# [What this task involves]
Lines that contain the string "vert" are the ones to list; copy all of them from the records.

# [Records supplied]
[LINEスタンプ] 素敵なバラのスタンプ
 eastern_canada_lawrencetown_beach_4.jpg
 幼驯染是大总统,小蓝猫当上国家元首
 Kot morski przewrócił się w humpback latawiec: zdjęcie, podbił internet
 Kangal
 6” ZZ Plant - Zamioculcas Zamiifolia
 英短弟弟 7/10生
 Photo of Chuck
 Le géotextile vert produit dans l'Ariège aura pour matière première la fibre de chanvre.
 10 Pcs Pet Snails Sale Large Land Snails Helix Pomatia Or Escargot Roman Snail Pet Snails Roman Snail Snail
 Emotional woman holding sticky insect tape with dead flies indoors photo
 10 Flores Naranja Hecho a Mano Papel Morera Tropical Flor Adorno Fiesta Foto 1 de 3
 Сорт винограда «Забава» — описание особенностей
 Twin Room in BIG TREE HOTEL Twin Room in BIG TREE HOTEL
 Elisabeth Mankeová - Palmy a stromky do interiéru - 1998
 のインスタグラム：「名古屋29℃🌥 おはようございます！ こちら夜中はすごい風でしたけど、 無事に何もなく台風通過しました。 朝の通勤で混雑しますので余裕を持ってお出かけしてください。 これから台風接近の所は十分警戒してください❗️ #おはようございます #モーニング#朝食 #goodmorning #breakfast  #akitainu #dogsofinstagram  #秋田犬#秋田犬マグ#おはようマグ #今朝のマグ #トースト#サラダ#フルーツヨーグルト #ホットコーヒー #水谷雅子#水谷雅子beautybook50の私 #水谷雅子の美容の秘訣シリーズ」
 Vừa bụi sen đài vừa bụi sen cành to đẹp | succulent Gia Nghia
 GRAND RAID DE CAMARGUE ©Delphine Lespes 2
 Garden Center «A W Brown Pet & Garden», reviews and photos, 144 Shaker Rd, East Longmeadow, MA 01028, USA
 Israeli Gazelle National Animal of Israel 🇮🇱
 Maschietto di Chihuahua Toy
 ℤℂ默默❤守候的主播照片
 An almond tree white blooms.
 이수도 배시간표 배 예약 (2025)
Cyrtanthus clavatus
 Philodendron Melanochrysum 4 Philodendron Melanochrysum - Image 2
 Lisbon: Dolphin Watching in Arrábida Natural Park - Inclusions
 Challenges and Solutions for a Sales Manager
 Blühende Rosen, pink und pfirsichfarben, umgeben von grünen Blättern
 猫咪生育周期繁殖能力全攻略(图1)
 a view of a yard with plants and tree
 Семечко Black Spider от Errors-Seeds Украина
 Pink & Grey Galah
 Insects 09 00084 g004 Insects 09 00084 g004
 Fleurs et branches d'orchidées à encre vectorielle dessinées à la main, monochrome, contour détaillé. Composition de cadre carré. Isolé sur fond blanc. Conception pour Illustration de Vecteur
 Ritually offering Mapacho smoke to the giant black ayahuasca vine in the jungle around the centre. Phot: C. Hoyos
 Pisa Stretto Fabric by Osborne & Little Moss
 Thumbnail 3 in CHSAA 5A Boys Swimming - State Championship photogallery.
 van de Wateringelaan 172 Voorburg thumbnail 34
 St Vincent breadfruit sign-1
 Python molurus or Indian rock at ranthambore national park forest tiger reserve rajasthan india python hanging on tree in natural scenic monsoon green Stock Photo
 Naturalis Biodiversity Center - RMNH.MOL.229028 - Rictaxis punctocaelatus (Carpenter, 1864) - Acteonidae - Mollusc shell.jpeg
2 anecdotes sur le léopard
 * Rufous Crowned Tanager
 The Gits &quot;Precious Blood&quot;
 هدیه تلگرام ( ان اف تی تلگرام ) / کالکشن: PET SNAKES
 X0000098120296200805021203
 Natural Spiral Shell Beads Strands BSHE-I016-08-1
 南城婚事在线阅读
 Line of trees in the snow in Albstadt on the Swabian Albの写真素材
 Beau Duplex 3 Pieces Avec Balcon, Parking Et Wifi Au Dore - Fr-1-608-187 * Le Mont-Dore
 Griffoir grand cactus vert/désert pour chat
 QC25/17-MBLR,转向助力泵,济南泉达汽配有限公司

# [Task response]
 Le géotextile vert produit dans l'Ariège aura pour matière première la fibre de chanvre.
 Griffoir grand cactus vert/désert pour chat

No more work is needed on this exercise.